* **GIVEN INFORMATION**:
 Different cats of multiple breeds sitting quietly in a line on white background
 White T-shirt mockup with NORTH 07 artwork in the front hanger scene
--
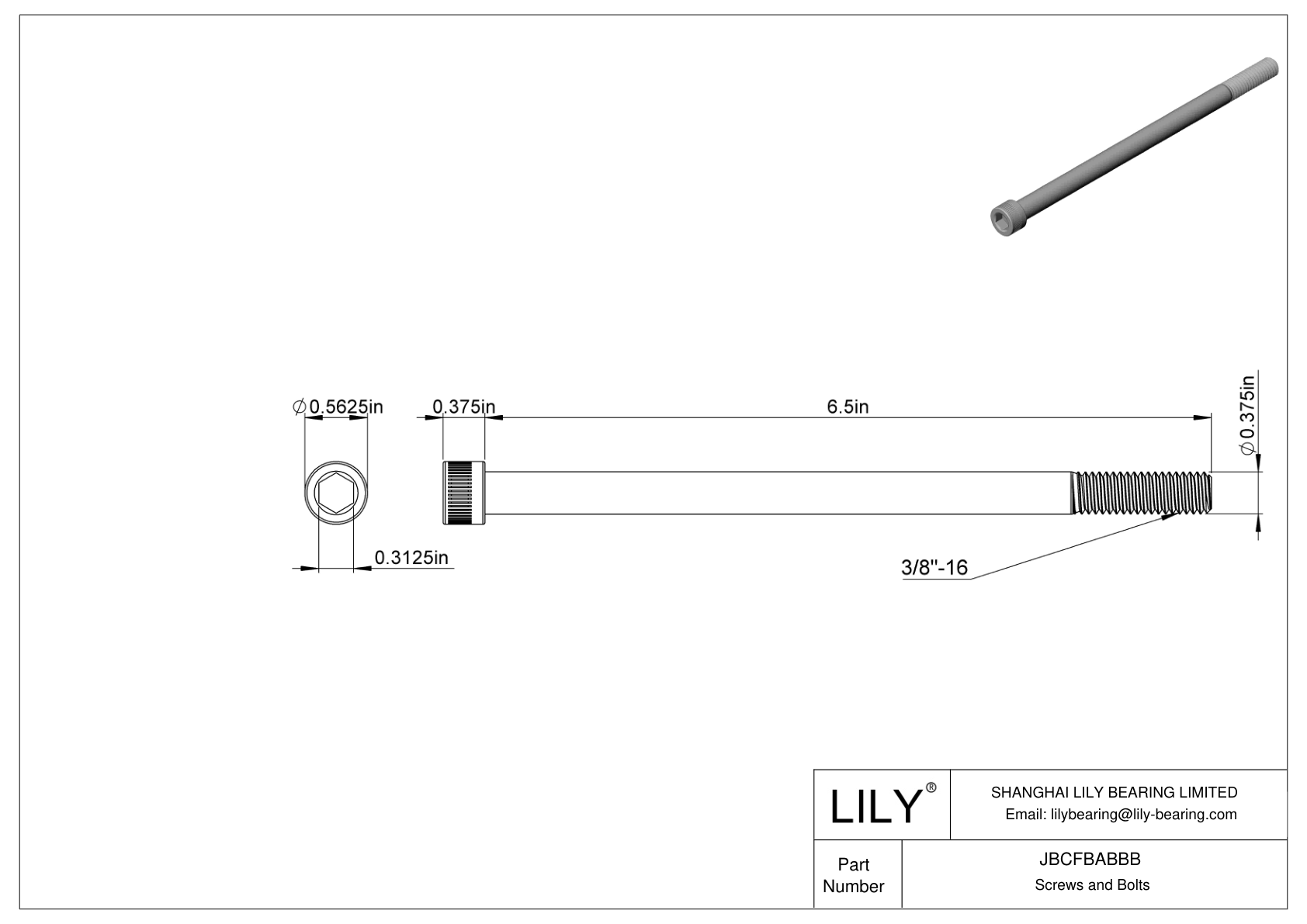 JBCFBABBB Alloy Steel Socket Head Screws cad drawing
==
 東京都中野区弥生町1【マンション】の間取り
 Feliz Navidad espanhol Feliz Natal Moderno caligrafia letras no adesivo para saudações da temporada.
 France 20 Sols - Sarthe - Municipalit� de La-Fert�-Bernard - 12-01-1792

* **WORK TO COMPLETE**: Produce a word-for-word copy of everything above from the line holding "Different cats of" down to the line holding "White T-shirt mockup", with both of those lines kept.

* **YOUR SOLUTION**:
 Different cats of multiple breeds sitting quietly in a line on white background
 White T-shirt mockup with NORTH 07 artwork in the front hanger scene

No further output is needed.